# Problems with FreeBSD



## Emin (Jun 9, 2015)

Hi people, I am new fFreeBSD user and have some problems with it on the start. I download latest BSD and after installing it on my Oracle VB I have problem with user password. And when I want to use edit /etc/motd - happen this I put below on the picture. I know this is noob question but it will help me a lot.


----------



## roddierod (Jun 9, 2015)

You need to log in as* root*.


----------



## jdakhayman (Jun 9, 2015)

Typically a better way to do this is to add your user to the "wheel" group. Log in as root and using this command: `pw groupmod wheel "yourusername"`. When you replace your username, exclude the quotation marks. Once the regular user has been added, log out and, then, log back in to your normal user account.  Then use the command `su` to then elevate yourself to root.

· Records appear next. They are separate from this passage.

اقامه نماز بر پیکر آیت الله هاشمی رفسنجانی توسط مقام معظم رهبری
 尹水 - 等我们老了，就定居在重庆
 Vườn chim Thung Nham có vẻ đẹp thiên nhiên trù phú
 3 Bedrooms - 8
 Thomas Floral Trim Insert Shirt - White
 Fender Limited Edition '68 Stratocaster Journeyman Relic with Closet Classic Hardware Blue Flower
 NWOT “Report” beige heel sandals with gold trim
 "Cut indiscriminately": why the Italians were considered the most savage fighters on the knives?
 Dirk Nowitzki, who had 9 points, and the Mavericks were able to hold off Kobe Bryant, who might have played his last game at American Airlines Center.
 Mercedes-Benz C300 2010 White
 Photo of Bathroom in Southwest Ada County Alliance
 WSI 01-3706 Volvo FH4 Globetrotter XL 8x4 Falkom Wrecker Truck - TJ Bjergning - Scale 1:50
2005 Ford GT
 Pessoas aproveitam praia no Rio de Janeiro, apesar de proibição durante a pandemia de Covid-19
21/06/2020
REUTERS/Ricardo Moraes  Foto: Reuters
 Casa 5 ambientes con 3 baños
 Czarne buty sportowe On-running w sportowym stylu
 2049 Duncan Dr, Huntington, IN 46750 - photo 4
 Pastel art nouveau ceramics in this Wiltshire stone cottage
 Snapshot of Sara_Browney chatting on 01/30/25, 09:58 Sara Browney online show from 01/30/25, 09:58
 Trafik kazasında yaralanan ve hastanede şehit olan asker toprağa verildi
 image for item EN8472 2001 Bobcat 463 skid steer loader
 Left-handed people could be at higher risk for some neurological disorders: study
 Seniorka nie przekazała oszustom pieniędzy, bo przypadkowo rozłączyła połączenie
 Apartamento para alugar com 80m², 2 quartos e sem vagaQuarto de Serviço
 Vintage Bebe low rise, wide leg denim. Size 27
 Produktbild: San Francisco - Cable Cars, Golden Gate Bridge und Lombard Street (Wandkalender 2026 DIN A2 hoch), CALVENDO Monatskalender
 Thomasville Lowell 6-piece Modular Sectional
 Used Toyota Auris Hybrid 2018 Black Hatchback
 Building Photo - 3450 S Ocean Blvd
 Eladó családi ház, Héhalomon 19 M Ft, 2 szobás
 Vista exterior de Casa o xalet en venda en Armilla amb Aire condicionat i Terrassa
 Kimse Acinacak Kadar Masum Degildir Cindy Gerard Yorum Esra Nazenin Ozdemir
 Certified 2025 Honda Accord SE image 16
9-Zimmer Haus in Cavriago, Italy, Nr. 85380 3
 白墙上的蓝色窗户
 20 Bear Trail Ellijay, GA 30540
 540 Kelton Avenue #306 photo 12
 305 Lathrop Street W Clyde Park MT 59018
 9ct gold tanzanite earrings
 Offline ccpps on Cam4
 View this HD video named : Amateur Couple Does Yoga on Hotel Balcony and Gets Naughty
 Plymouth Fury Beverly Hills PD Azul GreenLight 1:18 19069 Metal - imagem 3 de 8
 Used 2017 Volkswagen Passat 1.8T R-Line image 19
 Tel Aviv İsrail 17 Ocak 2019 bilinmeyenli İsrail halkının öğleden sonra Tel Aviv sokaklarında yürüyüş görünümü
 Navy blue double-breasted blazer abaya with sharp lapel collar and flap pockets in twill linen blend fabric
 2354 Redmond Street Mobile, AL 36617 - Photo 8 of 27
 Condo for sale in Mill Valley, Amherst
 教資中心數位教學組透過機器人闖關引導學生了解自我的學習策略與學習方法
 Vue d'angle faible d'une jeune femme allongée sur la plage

This will make you "essentially" root and then when your done doing administrative tasks type `exit` or `ctrl+D`to return to your unprivileged shell. This is  especially useful if you work over a ssh connection, where enabling root login, can be a security risk. Also, do not be in the habit of always working as root. Only use it as necessary.


----------



## Emin (Jun 11, 2015)

roddierod said:


> You need to log in as* root*.


How to do it when I start the bsd FreeBSD and on login spot I write root and in the installation I set a password and when I login it send me to this mode, and I can't do anything


----------



## jdakhayman (Jun 11, 2015)

In the pictures that you posted it appears that you have successfully logged in as root. Now either edit the /etc/motd file while you are root. Please reference my above post about adding your regular user to the wheel group.


----------



## Emin (Jun 11, 2015)

When I "edit" it and press save changes it tell me "permission denied" and unable to create /etc/motd file.


----------



## junovitch@ (Jun 15, 2015)

"Amnesiac" is the live CD's hostname.  That means read only /etc.  If you need to modify the /etc/motd then install FreeBSD and boot from the hard drive.

Installing FreeBSD:
https://www.freebsd.org/doc/en_US.ISO8859-1/books/handbook/bsdinstall.html


----------



## wblock@ (Jun 18, 2015)

Remember to remove the CD after installation, or the system might just boot from it again.


----------



## sk8harddiefast (Jul 6, 2015)

When you make the installation , system ask root password for root user. After that, ask you if you want to create another user. You say yes and you create the simple user. On group options, you say that you want to be wheel member. (You will write just *wheel*) All the others leave them defaults.
Finishing the installation, you reboot and boot from the hdd your new FreeBSD. You login as root. You exec. (Assuming that you already made your network workable during install)
`sudo portsnap fetch extract
cd /usr/ports/security/sudo
make config
make install clean.
cd /usr/local/etc
ee sudoers`
You put your user to sudoers. Logout and login as user. Now you can continue setup xserver, de, and configure your system. But always using sudo. This is the only right way to install a system.
Motd config file is on /etc
You will open it using
`sudo ee /etc/motd`.
Finishing press Esc and save the changes


----------